By: Spandana Singh
On December 15, 1890, Louis Brandeis, a lawyer and former associate justice to the Supreme Court and attorney Samuel D. Warren authored and published “The Right to Privacy” in the December edition of the Harvard Law Review.
The publication, which defines the “right to privacy” as the “right to be let alone” is considered the first major declaration of privacy as a fundamental right in the United States. The piece was written in the context of emerging information technologies such as photography and methodologies such as sensationalist journalism, which were becoming increasingly prevalent at the time. The content of the publication has since been expanded upon in cases such as Olmstead v. United States (1928) and Katz v. United States (1967) to include other forms of information technology such as telephones and to establish that individuals have a “reasonable expectation of privacy”.

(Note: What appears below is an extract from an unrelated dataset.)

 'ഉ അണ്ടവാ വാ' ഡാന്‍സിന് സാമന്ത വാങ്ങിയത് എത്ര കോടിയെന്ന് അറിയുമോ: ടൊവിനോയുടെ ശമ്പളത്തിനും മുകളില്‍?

The legacy of “The Right to Privacy” and Brandeis has had a profound influence on the information, technology and privacy landscape in the United States. In the 1970’s for example, the Federal Trade Commission established the Fair Information Practice Principles (FIPPs) to ensure fairness and safety in the management of electronic information. However, despite evolution in policies and standards to protect privacy and encourage responsible practices, consumers today are still vulnerable and uneducated when it comes to how their personal information is being collected and maintained.

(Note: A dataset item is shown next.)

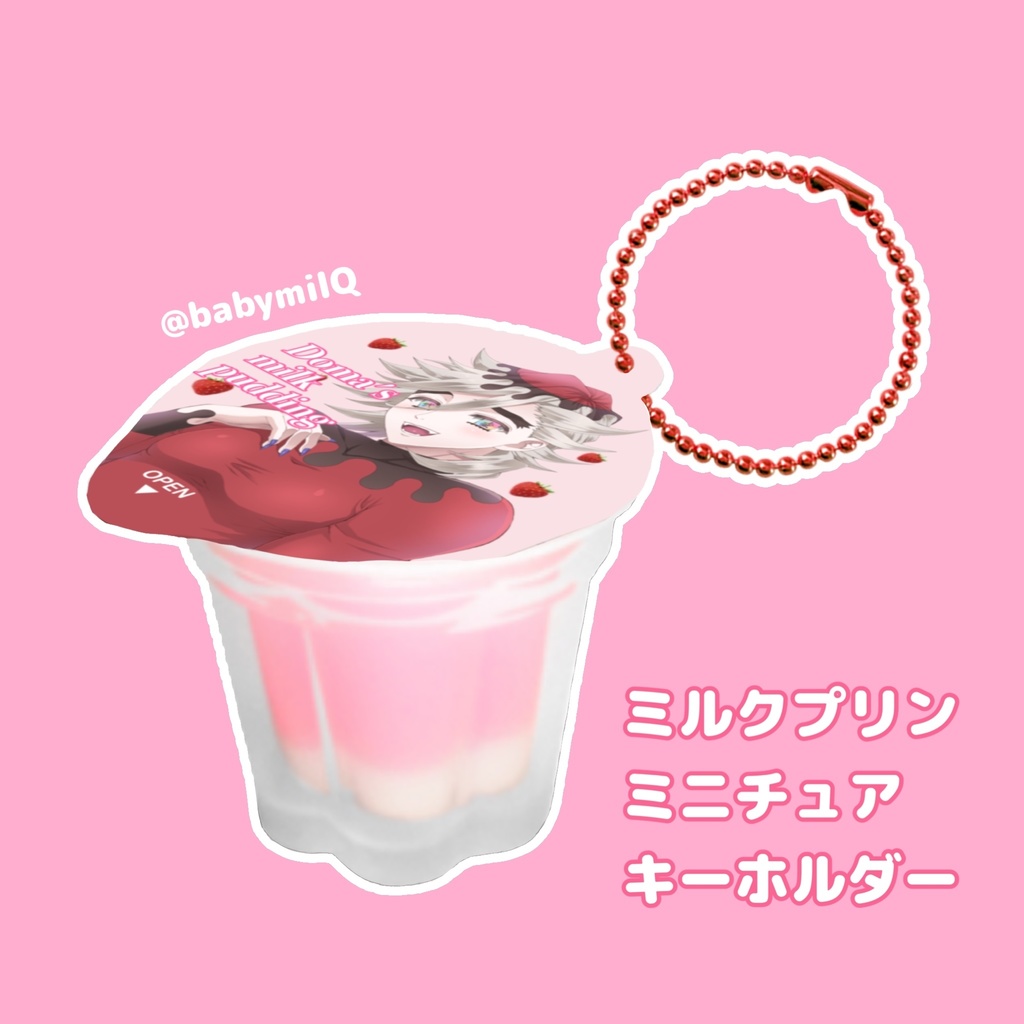 我路さま専用♡ぷるぷるどまミルクプリン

A 2016 Pew Research Center study, which was commissioned following the 2013 Snowden leaks, revealed that almost half (47%) of Americans struggled to understand the extent and nature of the data collected about them, and only a small minority of the population expressed confidence in the security of their communication channels as well as the organizations, both private and public, that maintained them. Furthermore, the report revealed that 91% of adults believed that consumers had lost control over their personal information and the practices which govern them. These statistics seem paradoxical given that the United States, thanks to Brandeis’ legacy, is considered a champion of privacy and information protections around the world.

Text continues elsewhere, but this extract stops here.